INSTRUCTIONS FOR THE TASK: In the listing that follows, find the line with "Betula lenta (brzoza cukrowa)", then copy exactly from it through the line with "f:id:hanatara:20210928092534j:plain", leaving out every picture.

** DATA FOR REVIEW follows **

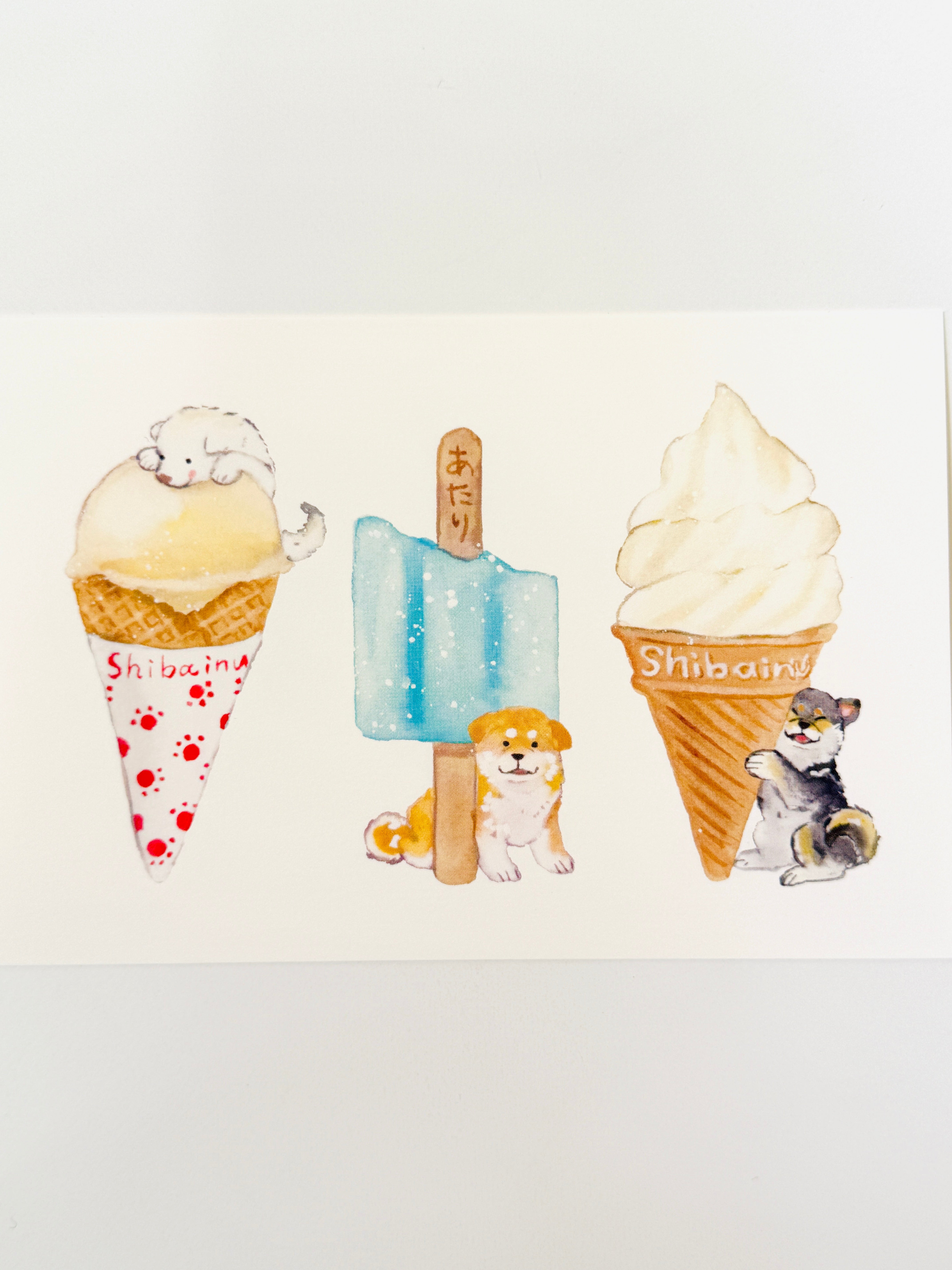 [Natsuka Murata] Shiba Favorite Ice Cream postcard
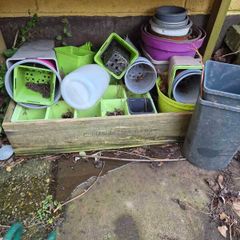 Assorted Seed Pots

** End of DATA FOR REVIEW **
** DATA FOR REVIEW follows **

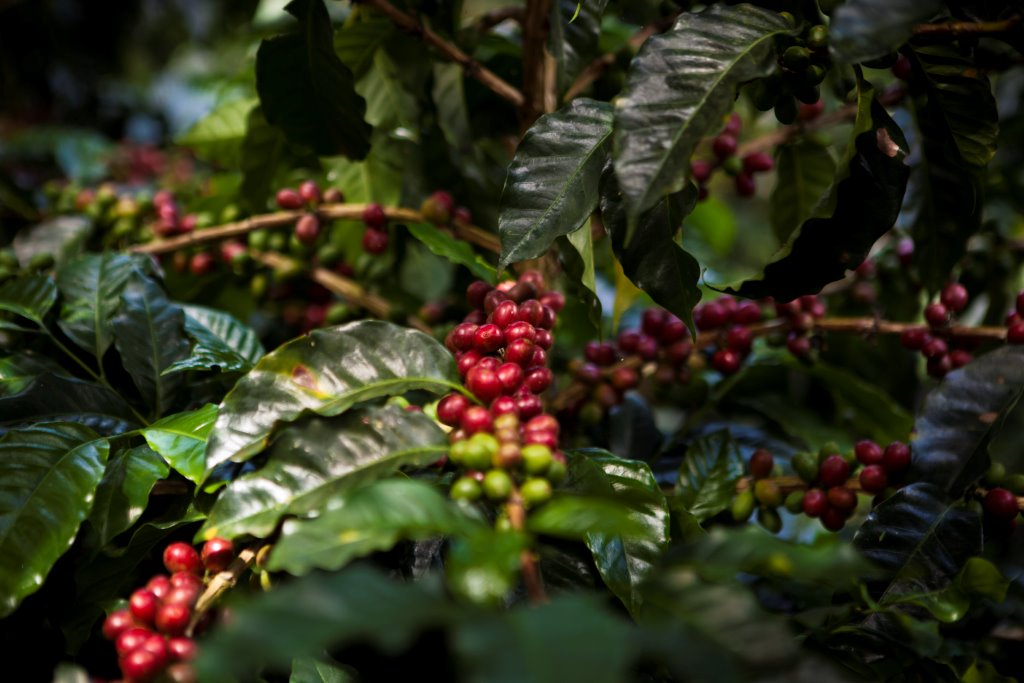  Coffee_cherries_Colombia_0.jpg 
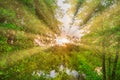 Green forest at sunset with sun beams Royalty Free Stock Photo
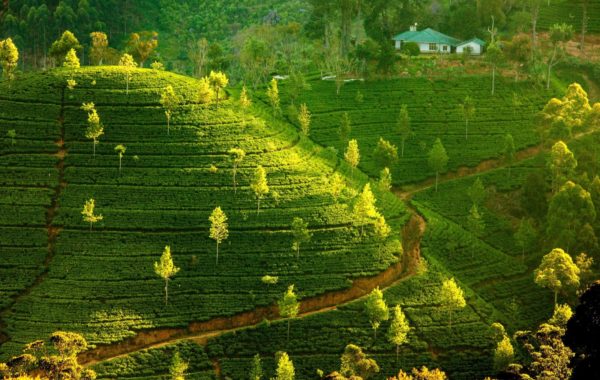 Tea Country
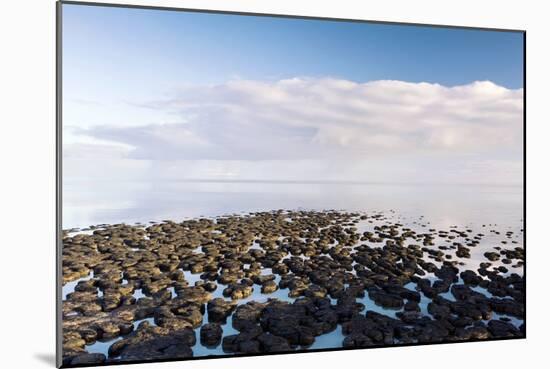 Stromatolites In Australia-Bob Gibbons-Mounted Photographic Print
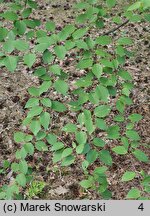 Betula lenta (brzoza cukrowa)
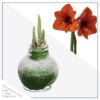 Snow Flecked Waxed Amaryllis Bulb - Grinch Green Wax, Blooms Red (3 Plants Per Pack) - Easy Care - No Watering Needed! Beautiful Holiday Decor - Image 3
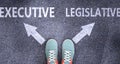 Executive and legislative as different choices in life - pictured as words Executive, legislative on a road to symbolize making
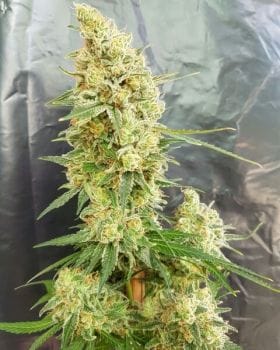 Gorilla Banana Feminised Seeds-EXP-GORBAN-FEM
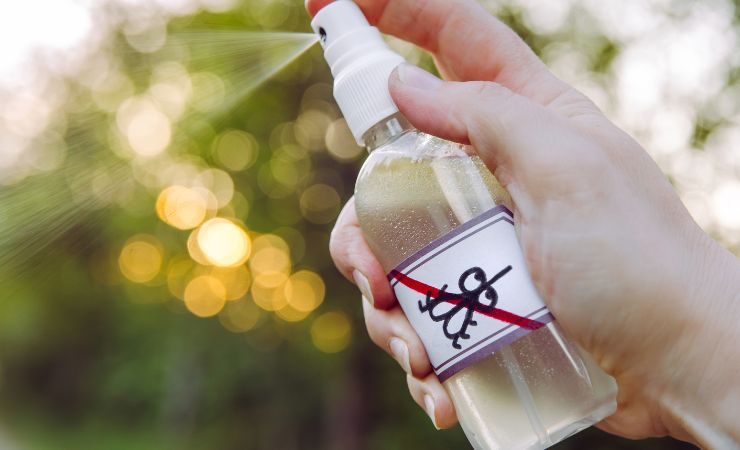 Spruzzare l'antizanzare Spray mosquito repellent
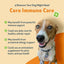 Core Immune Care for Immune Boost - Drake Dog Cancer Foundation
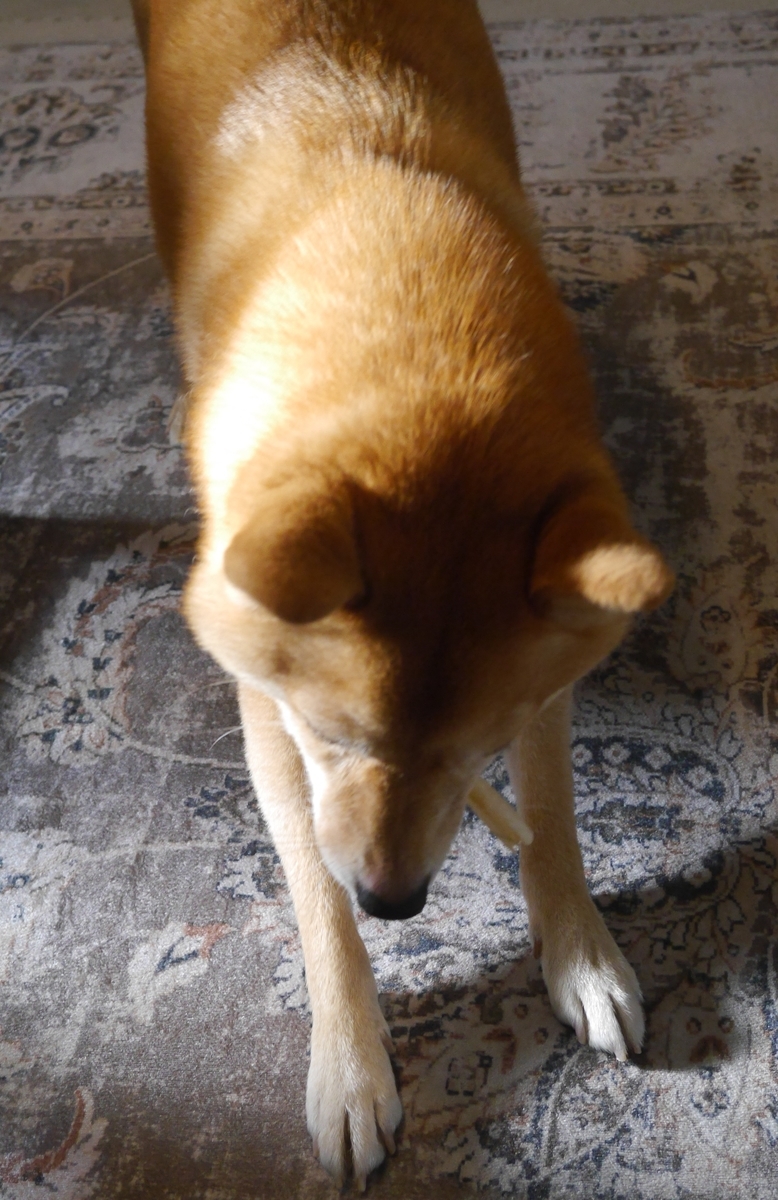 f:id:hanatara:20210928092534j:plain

** End of DATA FOR REVIEW **
** DATA FOR REVIEW follows **

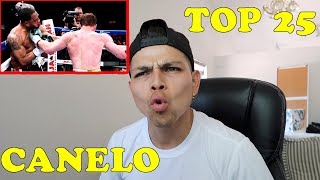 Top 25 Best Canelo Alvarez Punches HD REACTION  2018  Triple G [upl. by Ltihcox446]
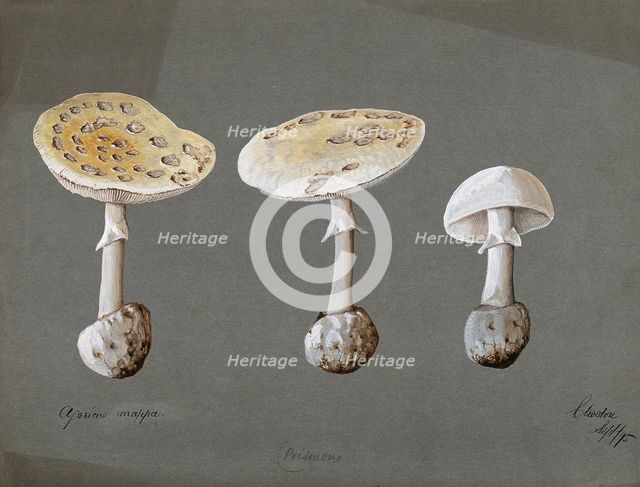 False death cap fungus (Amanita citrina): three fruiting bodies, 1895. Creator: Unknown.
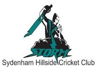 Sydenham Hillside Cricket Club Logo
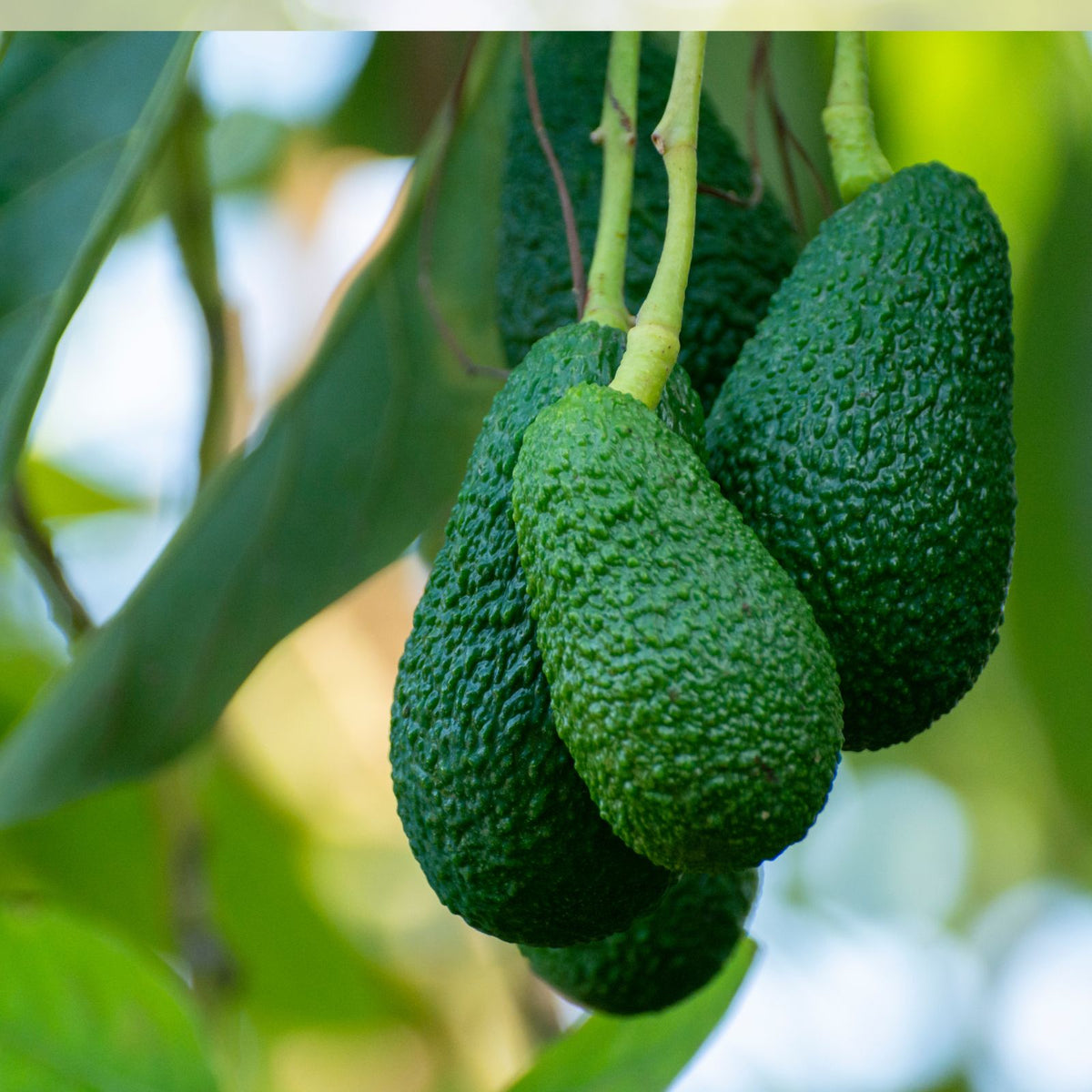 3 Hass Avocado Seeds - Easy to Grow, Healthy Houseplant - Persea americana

** End of DATA FOR REVIEW **

ANSWER SECTION:
 Betula lenta (brzoza cukrowa)
 Snow Flecked Waxed Amaryllis Bulb - Grinch Green Wax, Blooms Red (3 Plants Per Pack) - Easy Care - No Watering Needed! Beautiful Holiday Decor - Image 3
 Executive and legislative as different choices in life - pictured as words Executive, legislative on a road to symbolize making
 Gorilla Banana Feminised Seeds-EXP-GORBAN-FEM
 Spruzzare l'antizanzare Spray mosquito repellent
 Core Immune Care for Immune Boost - Drake Dog Cancer Foundation
 f:id:hanatara:20210928092534j:plain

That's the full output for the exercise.